It’s no secret that HIV stigma still exists. It’s seen in the actions and mentality of Canadians today, 70% of whom said (in a survey conducted by the agency team) they would be ashamed to tell anyone if they contracted the infection. What’s worse, half of them admitted they wouldn’t eat a meal that was made by someone with HIV.

The astonishing findings led the team to launch the first-ever HIV+ eatery – run entirely by an HIV+ kitchen staff, who were trained by chef Matt Basile to develop the menu.

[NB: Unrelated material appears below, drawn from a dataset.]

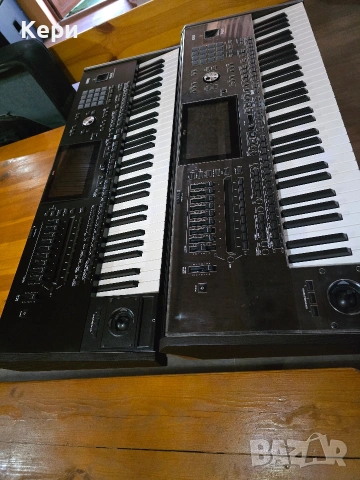 Корг па5 2броя ТОП!, снимка 9 - Синтезатори - 54224915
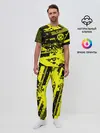 Мужская пижама с брюками / Borussia Dortmund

Open for three days, June’s (named after the founder, June Callwood, of Casey House) invited diners to #smashstigma and the permeating fear that keeps HIV a taboo subject. To get the media’s attention before its opening, the PR team sent jars of soup made by the cooks with labels that read, “I got HIV from soup. Said no one ever.” The media gift acted as a visceral test of their beliefs and biases. And the reaction was noticeable, with stories in 10 countries generating 834 million impressions.

Anything But Sorry Image 1The in-your-face creative approach was also adopted by the Canadian Down Syndrome Society (CDSS) when it revealed the FCB-created “Anything But Sorry” campaign late last year. It, too, was antagonistic and candid, provoking people to reconsider what they should say to new parents of Down syndrome babies.

The cheeky campaign revolves around a hero piece called “The S Word,” which initially warns viewers of “inappropriate language.” However, it’s not a curse word that the CDSS is cautioning. Rather, the word “sorry” is being blamed for making parents feel uncomfortable when friends and family use it to show their condolences (instead of congratulations) when hearing the news of a Down syndrome child’s birth. “There goes your sex life” and “Congratu-f#$%-lations!” are much more appropriate responses, the video suggests.

Not only did the piece get major attention on YouTube and Facebook (almost 350,000 views with only $1,200 in media investment), it also led to 1.29 million unpaid media impressions, which actually exceeded its uber successful (and equally cheeky) “Down Syndrome Answers” campaign.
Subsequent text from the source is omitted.